E em relação ao preconceito, como ele aparece no dia a dia e como vocês lidam com ele?
“O preconceito é uma coisa com a qual devemos lutar diariamente e, infelizmente, para o resto das nossas vidas, então criamos uma resistência a ele, não nos abalamos mais por pouco. Os olhares e os murmúrios sempre vão existir, faz parte. Há casos que me marcaram muito, por exemplo, uma noite resolvemos variar um pouco e ir em uma casa noturna que tocava sertanejo. Nós somos muito discretos, então não nos beijamos, nem sequer dançamos juntos, só curtimos o ambiente. Nesse dia em questão, quando os homens perceberam que éramos gays, começaram a estufar o peito, empurrar a gente para os lados, como se quisessem dizer que ali não era nosso lugar, sabe? Outro dia fui me despedir do Diogo, com um beijo rápido na bochecha, em frente a um colégio particular no centro da cidade, e um menino saiu na janela e nos xingou de viados e outros nomes muito piores, foi o fim. Outra coisa que muita gente não vê é o preconceito no marketing, por exemplo, no dia dos namorados todos usam a imagem de um menino e de uma menina, e como alguém que trabalha com isso, eu sinto muito a falta da representatividade. Poxa, existem muitos casais gays, e se você tiver clientes gays? Não custa nada representar a todos.”

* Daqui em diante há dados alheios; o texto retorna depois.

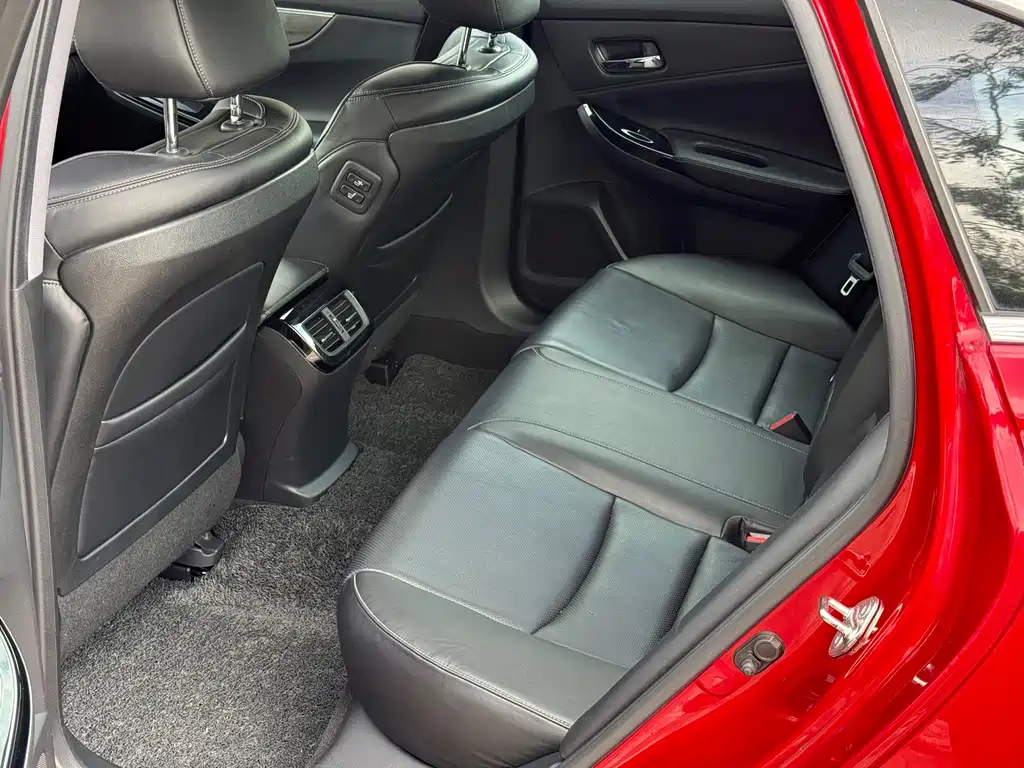 Honda Spirior — миниатюра 5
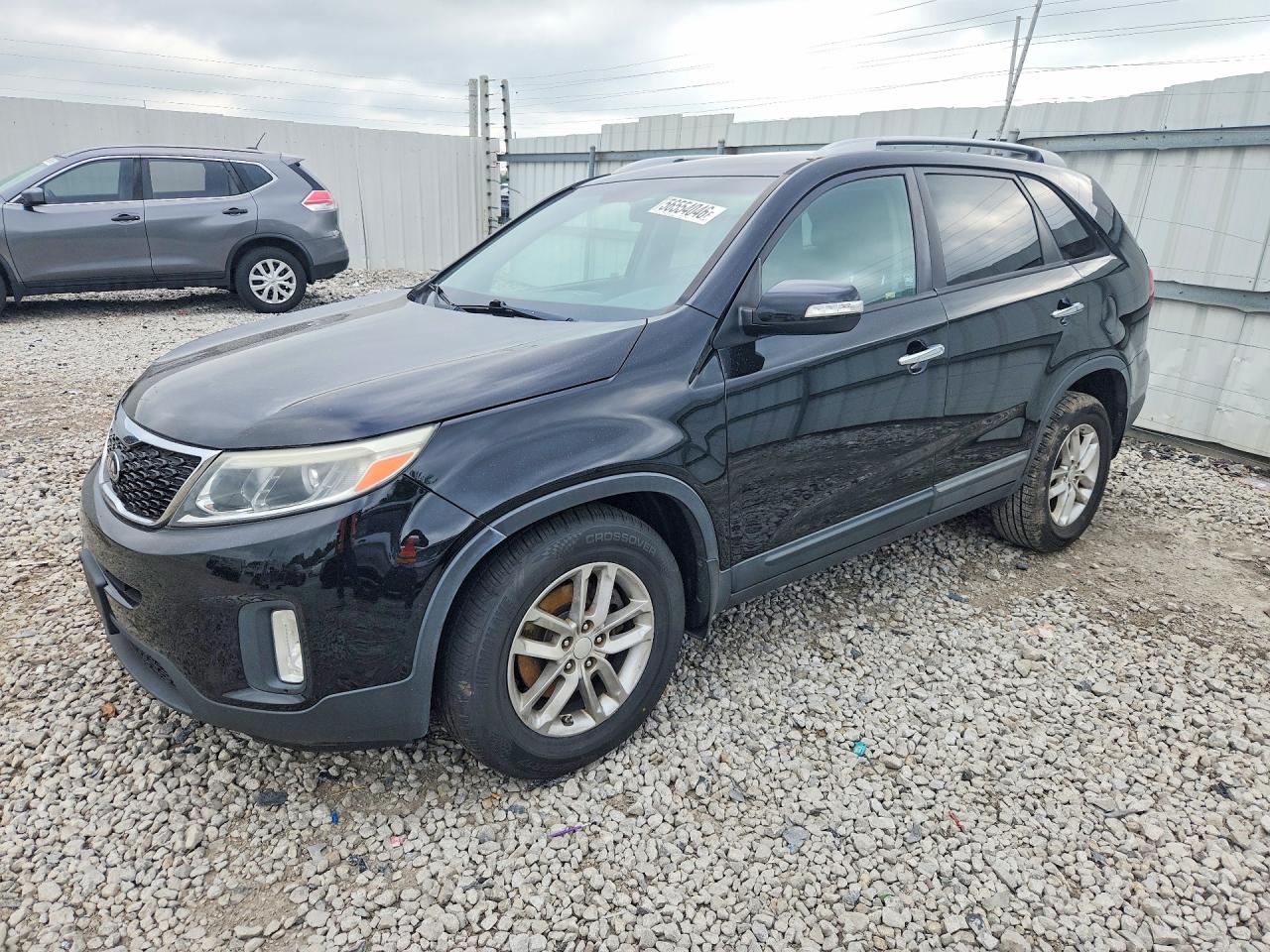 Salvage Kia Sorento Image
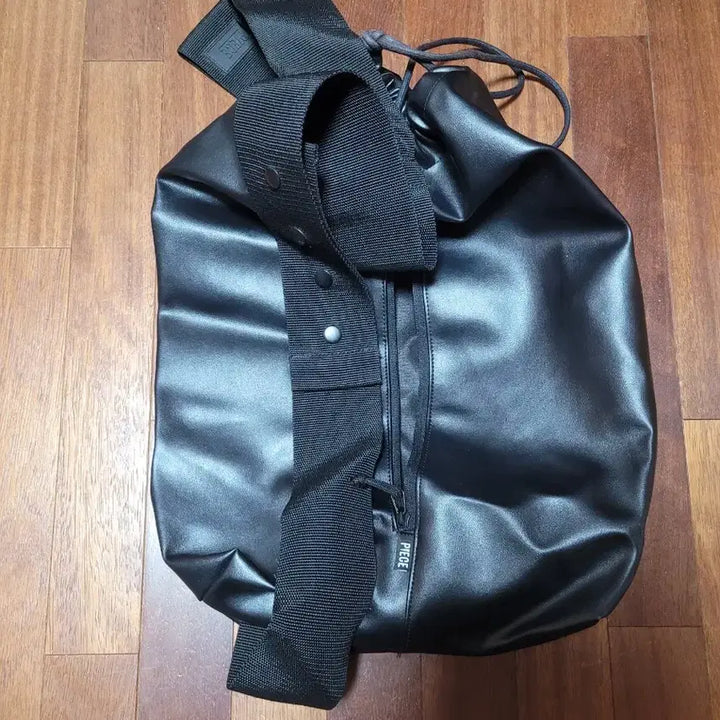 [BUNJANG] PieceMaker Leather Shoulder Bag / 피스메이커 가죽 숄더백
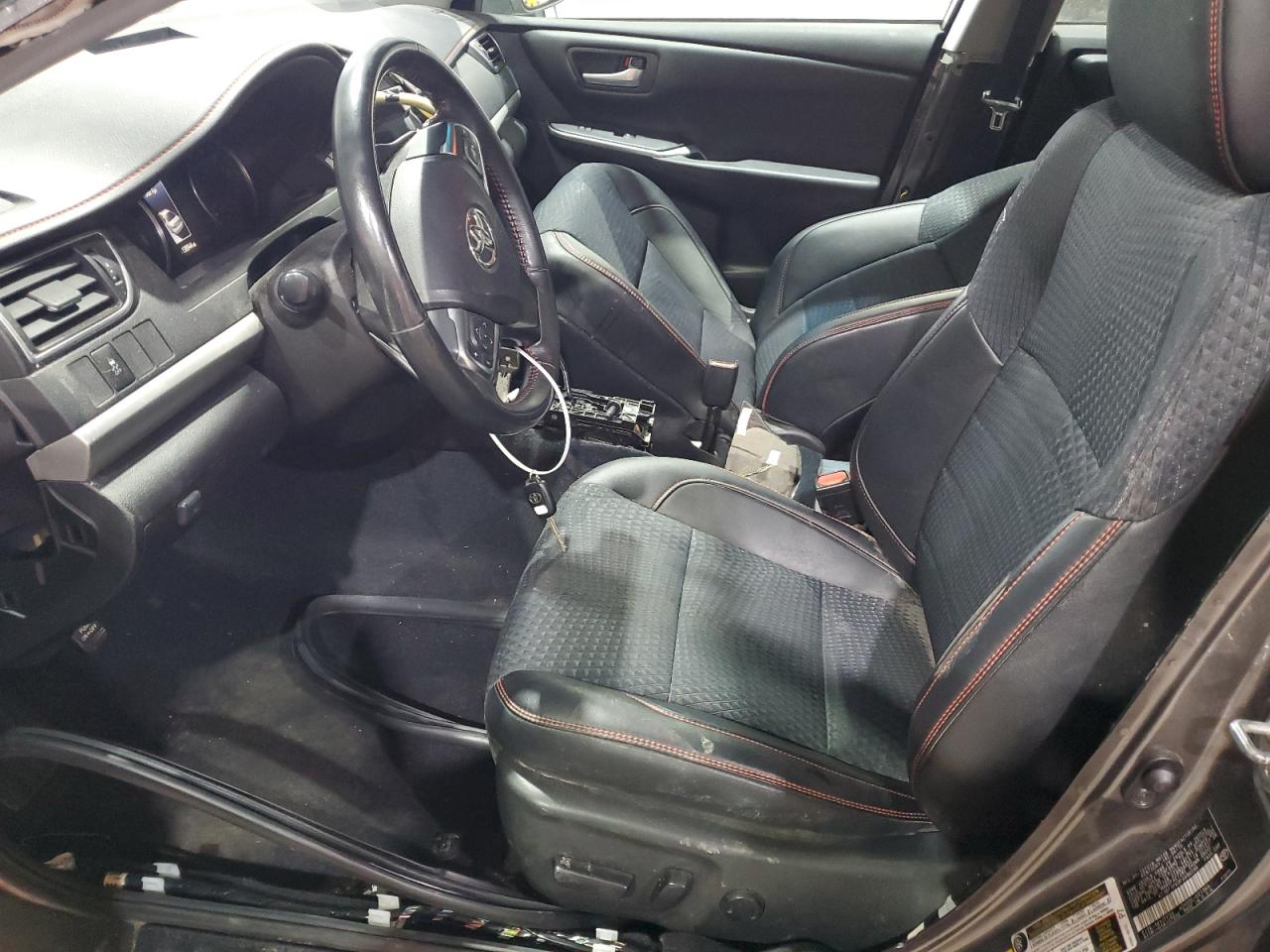 2015 Toyota Camry - Image 7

Se vocês tivessem que deixar uma mensagem para as pessoas, sobre o preconceito, sobre empatia, qual seria?
“O principal é sempre ter respeito. Vocês não precisam achar certo, apoiar ou aceitar, mas precisam ter respeito. Não só pelos gays, por todos. Os negros, os deficientes, os gordos, os magros, todos merecem respeito da mesma forma. Não façam ao próximo o que vocês não gostariam que fizessem com vocês.”
Uma família como qualquer outra, que passa por altos e baixos, luta todos os dias por uma vida melhor e por um mundo melhor. Essa é apenas mais uma história inspiradora, formada por meio do amor incondicional, entre pais e filhos, e entre um casal, que apesar de todo preconceito, permanece forte. Que sejamos todos assim, movidos pelo amor, acima de todas as outras coisas.